Estate Fareham Sugar Mill, St. Croix
🇻🇮St. Croix

Estate Fareham Sugar Mill Along The Southern Coast of St. Croix

At the height of the Danish colonial era in St. Croix (late 1790s), a good 200+ sugar mills dotted the island’s lush rolling hills. Many persist to this day, though some are in better shape than others. Equal parts dark reminder of the horrors of slavery and revered historic structures, these mills have grown into an iconic symbol of Saint Croix. (It’s complicated.) As such, many have been preserved. Some, like the Estate Fareham Sugar Mill, even continue to serve useful functions.

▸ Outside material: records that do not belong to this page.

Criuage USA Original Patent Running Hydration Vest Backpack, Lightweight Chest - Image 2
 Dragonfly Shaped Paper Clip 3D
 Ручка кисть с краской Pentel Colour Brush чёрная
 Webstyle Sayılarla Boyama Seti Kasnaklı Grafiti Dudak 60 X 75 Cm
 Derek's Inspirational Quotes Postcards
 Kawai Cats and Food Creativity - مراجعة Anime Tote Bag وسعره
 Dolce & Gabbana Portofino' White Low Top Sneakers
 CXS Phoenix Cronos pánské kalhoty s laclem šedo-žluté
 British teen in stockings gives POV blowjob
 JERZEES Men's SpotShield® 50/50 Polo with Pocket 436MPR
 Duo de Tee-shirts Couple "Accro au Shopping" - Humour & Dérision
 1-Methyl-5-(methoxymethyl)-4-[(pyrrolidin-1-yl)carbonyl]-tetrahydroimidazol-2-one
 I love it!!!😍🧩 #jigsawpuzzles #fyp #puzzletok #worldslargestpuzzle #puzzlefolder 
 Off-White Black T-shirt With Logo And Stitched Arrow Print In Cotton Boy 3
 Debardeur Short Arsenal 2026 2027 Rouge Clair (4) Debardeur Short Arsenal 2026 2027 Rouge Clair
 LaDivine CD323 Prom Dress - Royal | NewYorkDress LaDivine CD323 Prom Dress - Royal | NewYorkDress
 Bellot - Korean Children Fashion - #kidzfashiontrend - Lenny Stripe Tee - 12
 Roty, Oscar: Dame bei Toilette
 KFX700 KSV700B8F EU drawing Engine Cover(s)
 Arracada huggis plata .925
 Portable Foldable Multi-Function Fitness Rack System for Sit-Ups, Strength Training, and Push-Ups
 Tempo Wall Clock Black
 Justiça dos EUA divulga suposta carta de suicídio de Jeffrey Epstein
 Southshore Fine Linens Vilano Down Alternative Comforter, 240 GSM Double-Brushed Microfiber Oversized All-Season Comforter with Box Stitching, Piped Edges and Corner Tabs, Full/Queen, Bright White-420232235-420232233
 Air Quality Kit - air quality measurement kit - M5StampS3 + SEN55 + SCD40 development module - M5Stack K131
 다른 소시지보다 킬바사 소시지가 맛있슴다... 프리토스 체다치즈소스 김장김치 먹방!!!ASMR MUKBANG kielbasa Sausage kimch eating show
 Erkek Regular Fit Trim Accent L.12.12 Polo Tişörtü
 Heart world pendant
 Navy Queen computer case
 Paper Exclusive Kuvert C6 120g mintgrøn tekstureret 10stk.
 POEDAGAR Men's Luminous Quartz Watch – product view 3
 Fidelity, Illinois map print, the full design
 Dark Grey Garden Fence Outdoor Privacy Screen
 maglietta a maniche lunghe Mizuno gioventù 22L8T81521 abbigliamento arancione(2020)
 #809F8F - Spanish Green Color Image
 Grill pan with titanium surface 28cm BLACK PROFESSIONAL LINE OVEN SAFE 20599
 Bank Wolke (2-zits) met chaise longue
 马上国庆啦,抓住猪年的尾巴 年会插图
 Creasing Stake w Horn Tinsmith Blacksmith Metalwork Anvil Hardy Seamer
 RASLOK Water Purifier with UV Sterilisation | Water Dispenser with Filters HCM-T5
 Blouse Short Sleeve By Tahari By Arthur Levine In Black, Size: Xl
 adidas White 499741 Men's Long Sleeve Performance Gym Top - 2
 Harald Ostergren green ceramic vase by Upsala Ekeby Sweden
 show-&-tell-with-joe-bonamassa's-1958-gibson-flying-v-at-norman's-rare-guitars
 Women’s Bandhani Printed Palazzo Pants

Harnessing the wind to crush sugarcane in the production of sugar and rum, though, is not among those functions. That all stopped with the introduction of the steam mill to Saint Croix in the early 1800s.

In more recent years, Saint Croix’s sugar mills have been incorporated into villas and private homes. Often, as is the case with Estate Belvedere, old coral-stone sugar mill walls are melded into new construction, adding historic character.

At The Buccaneer Resort, the sugar mill that sits astride the main building is a prime spot for weddings and fashion shoots.

The Estate Fareham Sugar Mill, though, isn’t used for anything quite so fancy, of course. It was so overgrown when last we saw it in 2018 that I honestly can’t say whether it’s used for anything these days.

Well into the 2000s, though, this mill was a prime watering hole for Senepol cattle. The legendary cattle homegrown in Saint Croix graze all over former plantation estates along the south shore.

One enduring Crucian icon adapted to continue serving another.